YOUR TASK: Print every line exactly as it appears in the material below.

RAW DATA:
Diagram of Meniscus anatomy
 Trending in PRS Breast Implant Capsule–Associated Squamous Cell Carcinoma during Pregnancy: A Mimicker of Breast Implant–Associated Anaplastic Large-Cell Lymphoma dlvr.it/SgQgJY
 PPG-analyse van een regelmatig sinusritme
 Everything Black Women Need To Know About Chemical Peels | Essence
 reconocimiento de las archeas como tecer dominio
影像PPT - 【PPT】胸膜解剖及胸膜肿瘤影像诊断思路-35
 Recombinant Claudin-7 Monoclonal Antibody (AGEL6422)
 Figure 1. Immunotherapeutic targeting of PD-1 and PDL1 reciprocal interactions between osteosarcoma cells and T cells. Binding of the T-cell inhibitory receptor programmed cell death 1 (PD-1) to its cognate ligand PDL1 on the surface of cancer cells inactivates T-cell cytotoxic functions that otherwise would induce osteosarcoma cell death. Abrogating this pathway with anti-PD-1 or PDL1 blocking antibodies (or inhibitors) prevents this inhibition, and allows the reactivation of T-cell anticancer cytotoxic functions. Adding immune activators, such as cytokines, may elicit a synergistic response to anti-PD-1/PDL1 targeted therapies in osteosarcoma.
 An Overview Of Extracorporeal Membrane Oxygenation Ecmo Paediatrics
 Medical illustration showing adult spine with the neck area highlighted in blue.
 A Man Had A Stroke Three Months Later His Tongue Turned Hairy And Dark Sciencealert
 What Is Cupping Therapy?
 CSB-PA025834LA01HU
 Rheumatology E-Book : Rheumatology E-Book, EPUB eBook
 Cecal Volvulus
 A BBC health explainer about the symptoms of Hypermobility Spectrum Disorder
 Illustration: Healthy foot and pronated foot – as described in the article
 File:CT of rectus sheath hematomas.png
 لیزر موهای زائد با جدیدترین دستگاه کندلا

EXERCISE ANSWER:
Diagram of Meniscus anatomy
 Trending in PRS Breast Implant Capsule–Associated Squamous Cell Carcinoma during Pregnancy: A Mimicker of Breast Implant–Associated Anaplastic Large-Cell Lymphoma dlvr.it/SgQgJY
 PPG-analyse van een regelmatig sinusritme
 Everything Black Women Need To Know About Chemical Peels | Essence
 reconocimiento de las archeas como tecer dominio
影像PPT - 【PPT】胸膜解剖及胸膜肿瘤影像诊断思路-35
 Recombinant Claudin-7 Monoclonal Antibody (AGEL6422)
 Figure 1. Immunotherapeutic targeting of PD-1 and PDL1 reciprocal interactions between osteosarcoma cells and T cells. Binding of the T-cell inhibitory receptor programmed cell death 1 (PD-1) to its cognate ligand PDL1 on the surface of cancer cells inactivates T-cell cytotoxic functions that otherwise would induce osteosarcoma cell death. Abrogating this pathway with anti-PD-1 or PDL1 blocking antibodies (or inhibitors) prevents this inhibition, and allows the reactivation of T-cell anticancer cytotoxic functions. Adding immune activators, such as cytokines, may elicit a synergistic response to anti-PD-1/PDL1 targeted therapies in osteosarcoma.
 An Overview Of Extracorporeal Membrane Oxygenation Ecmo Paediatrics
 Medical illustration showing adult spine with the neck area highlighted in blue.
 A Man Had A Stroke Three Months Later His Tongue Turned Hairy And Dark Sciencealert
 What Is Cupping Therapy?
 CSB-PA025834LA01HU
 Rheumatology E-Book : Rheumatology E-Book, EPUB eBook
 Cecal Volvulus
 A BBC health explainer about the symptoms of Hypermobility Spectrum Disorder
 Illustration: Healthy foot and pronated foot – as described in the article
 File:CT of rectus sheath hematomas.png
 لیزر موهای زائد با جدیدترین دستگاه کندلا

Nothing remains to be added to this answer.